Partly as she was looking for pornography that she found less exploitative and more empowering, Hester also had a different experience with the impact it had on her body image. She said she had found it positive to see bodies that looked like hers; that aren’t perfect and don’t conform to an internalised ideal. And she also thought that this was missing from the public conversation: the possibility that porn could play a part in helping women understand that actually there’s no such thing as normal.

“One of the things that really bugs me,” she says, “is all the hand-wringing about people getting unrealistic expectations from porn about what genitalia should look like – about body hair, the idea of perfect vaginas and the pressure that puts young girls under. That might be true to an extent, but the fact is that most girls have not seen anyone else’s vagina. So, seeing some on the internet is more useful than not seeing any. It helps normalise human bodies.”

She still thinks it could be better. “I don’t want to see loads of fake tits,” she says. “But it’s better than not seeing any and thinking you’re the only person who looks like you do. It might be flawed but at least it’s something.”

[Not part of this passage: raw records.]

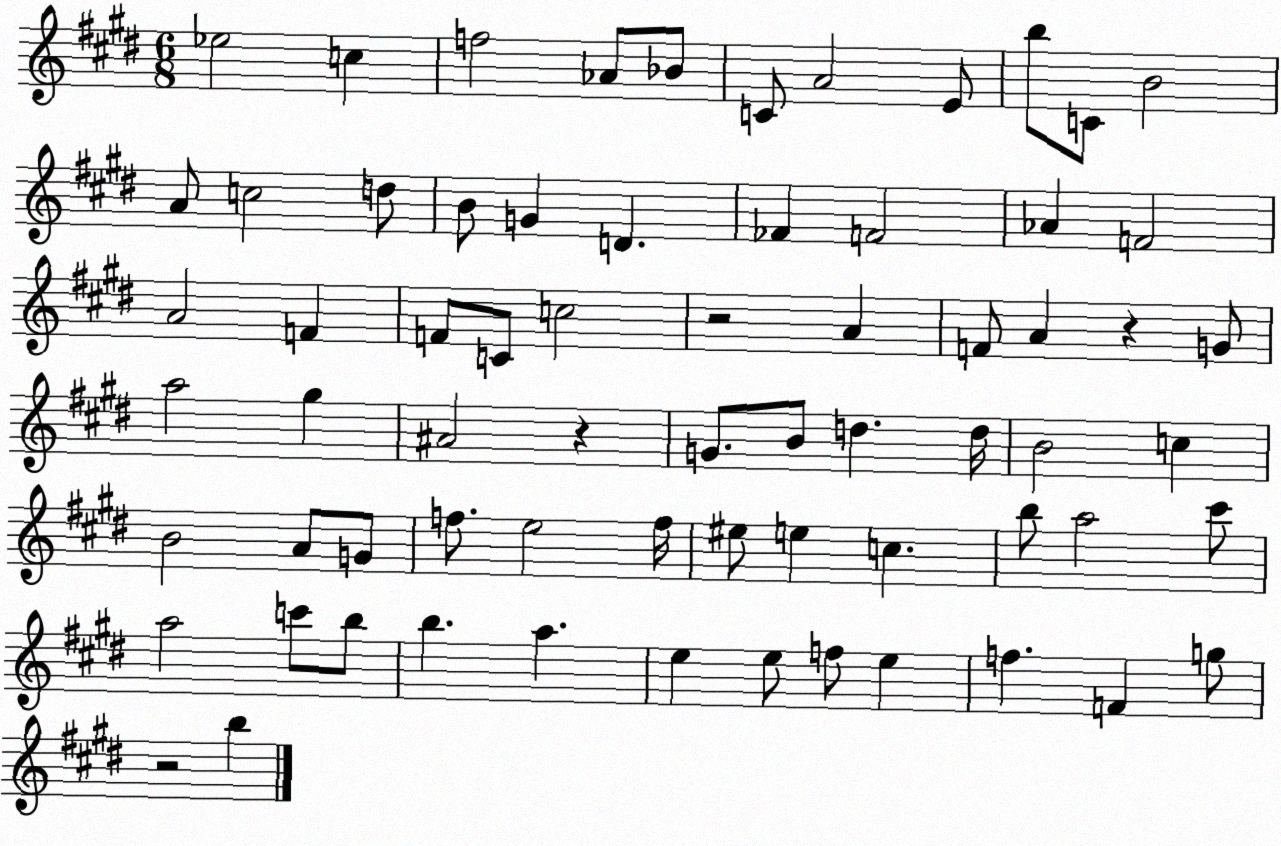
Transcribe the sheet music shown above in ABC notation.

X:1
T:Untitled
M:6/8
L:1/4
K:E
_e2 c f2 _A/2 _B/2 C/2 A2 E/2 b/2 C/2 B2 A/2 c2 d/2 B/2 G D _F F2 _A F2 A2 F F/2 C/2 c2 z2 A F/2 A z G/2 a2 ^g ^A2 z G/2 B/2 d d/4 B2 c B2 A/2 G/2 f/2 e2 f/4 ^e/2 e c b/2 a2 ^c'/2 a2 c'/2 b/2 b a e e/2 f/2 e f F g/2 z2 b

On the one hand, pornography can help women learn about themselves; embracing the range of bodies as a means of making sense of, and accepting, our own. On the other, we’re in a world that judges bodies based on gender, sex and race. Pornography isn’t just produced and used in that context – it plays a fundamental role in creating it. What we need more than anything is to open up the conversation. To move beyond polarised positions, stigma and stereotypes, and begin to talk about what we do with porn. And in turn what it might be doing to us.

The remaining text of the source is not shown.